Question

A wheel rotates making $20$ revolutions per second. If the radius of the wheel is $35\, cm$, what linear distance does a point of its rim traverse in three minutes? (take $\pi = 22/7$)

• A. $7.92\, km$
• B. $7.70\, km$
• C. $7.80\, km$
• D. $7.85\, km$

Answer 1

The Correct Option is A

Radius of the wheel $= 35 \,cm$ $\therefore$ Circumference of the wheel $=2\pi\times35\,cm=220\,cm$. Hence, the linear distance travelled by a point of the rim in one revolution $= 220\, cm$. Number of revolutions made by the wheel in $3$ minutes $= 20 \times 3 \times 60 = 3600$. $\therefore$ The linear distance travelled by a point of the rim in $3$ minutes $= 220 \times 3600 = 792000\, cm = 7.92\, km$.

Answer 2

Given:
Radius of the wheel \(= 35 \, \text{cm}\)
Circumference of the wheel \(= 2\pi \times 35 \, \text{cm} = 220 \, \text{cm}\)
Revolutions per second = 20
Time = 3minutes
Convert time to seconds:
\(\text{Time in seconds} = 3 \times 60 = 180 \text{ seconds}\)

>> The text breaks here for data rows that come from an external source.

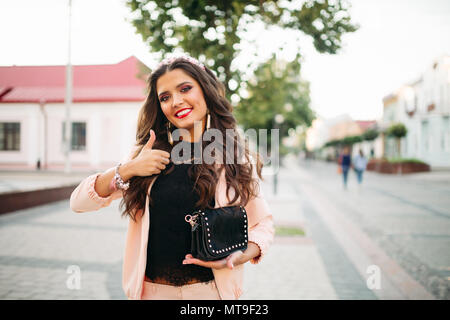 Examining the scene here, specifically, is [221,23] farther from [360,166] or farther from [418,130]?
[418,130]

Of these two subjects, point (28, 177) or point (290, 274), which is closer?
point (28, 177)

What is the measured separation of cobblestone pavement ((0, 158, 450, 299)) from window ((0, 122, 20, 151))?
3.87 ft

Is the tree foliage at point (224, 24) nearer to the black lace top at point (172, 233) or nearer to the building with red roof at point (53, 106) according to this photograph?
the building with red roof at point (53, 106)

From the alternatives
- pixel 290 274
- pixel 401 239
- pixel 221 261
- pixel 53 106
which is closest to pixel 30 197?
pixel 53 106

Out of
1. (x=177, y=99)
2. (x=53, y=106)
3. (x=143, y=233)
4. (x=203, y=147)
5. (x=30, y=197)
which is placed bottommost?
(x=30, y=197)

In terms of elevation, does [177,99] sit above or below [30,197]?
above

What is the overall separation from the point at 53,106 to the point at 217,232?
273 centimetres

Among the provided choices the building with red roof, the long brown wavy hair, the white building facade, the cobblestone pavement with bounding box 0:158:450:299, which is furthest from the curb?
the white building facade

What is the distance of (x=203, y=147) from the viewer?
1.73m

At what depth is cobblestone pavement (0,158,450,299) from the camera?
356cm

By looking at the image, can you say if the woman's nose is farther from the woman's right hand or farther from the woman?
the woman's right hand

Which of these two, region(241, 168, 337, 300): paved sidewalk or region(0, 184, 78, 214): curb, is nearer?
region(241, 168, 337, 300): paved sidewalk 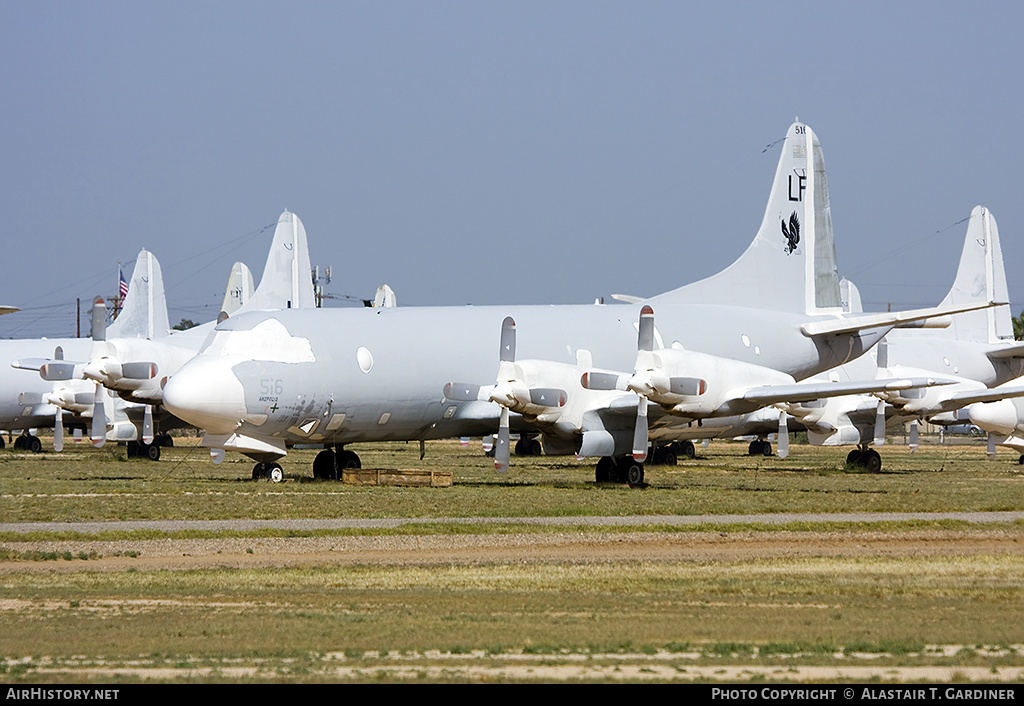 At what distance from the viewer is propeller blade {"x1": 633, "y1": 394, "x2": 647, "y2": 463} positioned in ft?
97.1

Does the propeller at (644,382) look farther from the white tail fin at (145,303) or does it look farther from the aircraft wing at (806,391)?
the white tail fin at (145,303)

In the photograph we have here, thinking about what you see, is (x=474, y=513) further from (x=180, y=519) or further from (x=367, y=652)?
(x=367, y=652)

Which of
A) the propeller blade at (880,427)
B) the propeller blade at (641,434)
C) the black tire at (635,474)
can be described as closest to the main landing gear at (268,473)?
the black tire at (635,474)

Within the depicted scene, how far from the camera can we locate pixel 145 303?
53.2 m

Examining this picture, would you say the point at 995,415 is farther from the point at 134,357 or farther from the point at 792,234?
the point at 134,357

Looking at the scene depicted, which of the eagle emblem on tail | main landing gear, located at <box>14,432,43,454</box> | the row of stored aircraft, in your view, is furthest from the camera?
main landing gear, located at <box>14,432,43,454</box>

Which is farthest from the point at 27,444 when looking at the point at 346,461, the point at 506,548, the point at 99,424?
the point at 506,548

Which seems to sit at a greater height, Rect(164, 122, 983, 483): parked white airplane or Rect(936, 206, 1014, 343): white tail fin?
Rect(936, 206, 1014, 343): white tail fin

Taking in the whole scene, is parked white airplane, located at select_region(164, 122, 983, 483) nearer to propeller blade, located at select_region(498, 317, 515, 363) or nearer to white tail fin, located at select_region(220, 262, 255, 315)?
propeller blade, located at select_region(498, 317, 515, 363)

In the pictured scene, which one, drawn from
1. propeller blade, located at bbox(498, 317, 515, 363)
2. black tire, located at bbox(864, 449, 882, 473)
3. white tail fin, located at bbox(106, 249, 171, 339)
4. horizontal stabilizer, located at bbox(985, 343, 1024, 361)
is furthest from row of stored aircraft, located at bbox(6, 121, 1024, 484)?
white tail fin, located at bbox(106, 249, 171, 339)

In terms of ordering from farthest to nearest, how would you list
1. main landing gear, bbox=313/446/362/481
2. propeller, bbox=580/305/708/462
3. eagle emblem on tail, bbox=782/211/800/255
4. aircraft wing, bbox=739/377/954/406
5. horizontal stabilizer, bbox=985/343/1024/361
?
horizontal stabilizer, bbox=985/343/1024/361 < eagle emblem on tail, bbox=782/211/800/255 < main landing gear, bbox=313/446/362/481 < aircraft wing, bbox=739/377/954/406 < propeller, bbox=580/305/708/462

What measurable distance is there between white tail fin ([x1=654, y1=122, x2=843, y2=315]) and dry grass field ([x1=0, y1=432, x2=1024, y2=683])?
31.7ft

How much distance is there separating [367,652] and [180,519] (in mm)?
13595

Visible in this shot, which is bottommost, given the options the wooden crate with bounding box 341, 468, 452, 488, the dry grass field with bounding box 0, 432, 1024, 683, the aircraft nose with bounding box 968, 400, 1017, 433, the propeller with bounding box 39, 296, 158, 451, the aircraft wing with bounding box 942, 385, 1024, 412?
the dry grass field with bounding box 0, 432, 1024, 683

Calculate the number of revolutions in 3 minutes:
\(\text{Total revolutions} = 20 \times 180 = 3600\)

Calculate the total distance traveled by a point on the rim:
\(\text{Total distance} = \text{Total revolutions} \times \text{Circumference} = 3600 \times 220 \, \text{cm}\)

Convert centimeters to kilometers:
\(\text{Total distance in kilometers} = \frac{3600 \times 220}{100000} = 7.92 \, \text{km}\)

So, the correct option is (A): 7.92km